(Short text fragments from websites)
#####

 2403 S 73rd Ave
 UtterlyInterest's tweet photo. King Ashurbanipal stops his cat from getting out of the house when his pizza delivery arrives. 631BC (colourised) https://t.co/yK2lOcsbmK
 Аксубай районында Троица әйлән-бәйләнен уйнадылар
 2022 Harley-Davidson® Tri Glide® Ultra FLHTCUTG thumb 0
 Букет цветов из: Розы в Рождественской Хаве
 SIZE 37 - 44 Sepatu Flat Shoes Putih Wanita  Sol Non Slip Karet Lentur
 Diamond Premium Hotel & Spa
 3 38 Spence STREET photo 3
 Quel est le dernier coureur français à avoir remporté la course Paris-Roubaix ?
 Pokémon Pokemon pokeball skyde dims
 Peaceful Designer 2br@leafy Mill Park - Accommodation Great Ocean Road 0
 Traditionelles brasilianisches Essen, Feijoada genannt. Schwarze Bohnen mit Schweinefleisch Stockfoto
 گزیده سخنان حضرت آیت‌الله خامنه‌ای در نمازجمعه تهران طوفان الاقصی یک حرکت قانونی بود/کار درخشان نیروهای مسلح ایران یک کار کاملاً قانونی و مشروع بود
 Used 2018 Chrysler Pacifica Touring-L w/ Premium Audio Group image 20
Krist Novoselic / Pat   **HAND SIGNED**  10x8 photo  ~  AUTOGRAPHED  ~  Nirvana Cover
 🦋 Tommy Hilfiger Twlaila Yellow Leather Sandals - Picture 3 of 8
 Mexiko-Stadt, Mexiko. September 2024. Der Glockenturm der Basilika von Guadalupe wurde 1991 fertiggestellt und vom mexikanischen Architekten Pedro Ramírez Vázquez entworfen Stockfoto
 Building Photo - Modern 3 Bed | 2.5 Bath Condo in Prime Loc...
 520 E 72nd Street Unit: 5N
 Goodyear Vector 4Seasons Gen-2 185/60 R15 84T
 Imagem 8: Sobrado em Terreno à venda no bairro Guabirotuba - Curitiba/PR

#####

— Work to complete —
Starting with the first entry and ending with the last, give all of them again unchanged.

— Task result —
 2403 S 73rd Ave
 UtterlyInterest's tweet photo. King Ashurbanipal stops his cat from getting out of the house when his pizza delivery arrives. 631BC (colourised) https://t.co/yK2lOcsbmK
 Аксубай районында Троица әйлән-бәйләнен уйнадылар
 2022 Harley-Davidson® Tri Glide® Ultra FLHTCUTG thumb 0
 Букет цветов из: Розы в Рождественской Хаве
 SIZE 37 - 44 Sepatu Flat Shoes Putih Wanita  Sol Non Slip Karet Lentur
 Diamond Premium Hotel & Spa
 3 38 Spence STREET photo 3
 Quel est le dernier coureur français à avoir remporté la course Paris-Roubaix ?
 Pokémon Pokemon pokeball skyde dims
 Peaceful Designer 2br@leafy Mill Park - Accommodation Great Ocean Road 0
 Traditionelles brasilianisches Essen, Feijoada genannt. Schwarze Bohnen mit Schweinefleisch Stockfoto
 گزیده سخنان حضرت آیت‌الله خامنه‌ای در نمازجمعه تهران طوفان الاقصی یک حرکت قانونی بود/کار درخشان نیروهای مسلح ایران یک کار کاملاً قانونی و مشروع بود
 Used 2018 Chrysler Pacifica Touring-L w/ Premium Audio Group image 20
Krist Novoselic / Pat   **HAND SIGNED**  10x8 photo  ~  AUTOGRAPHED  ~  Nirvana Cover
 🦋 Tommy Hilfiger Twlaila Yellow Leather Sandals - Picture 3 of 8
 Mexiko-Stadt, Mexiko. September 2024. Der Glockenturm der Basilika von Guadalupe wurde 1991 fertiggestellt und vom mexikanischen Architekten Pedro Ramírez Vázquez entworfen Stockfoto
 Building Photo - Modern 3 Bed | 2.5 Bath Condo in Prime Loc...
 520 E 72nd Street Unit: 5N
 Goodyear Vector 4Seasons Gen-2 185/60 R15 84T
 Imagem 8: Sobrado em Terreno à venda no bairro Guabirotuba - Curitiba/PR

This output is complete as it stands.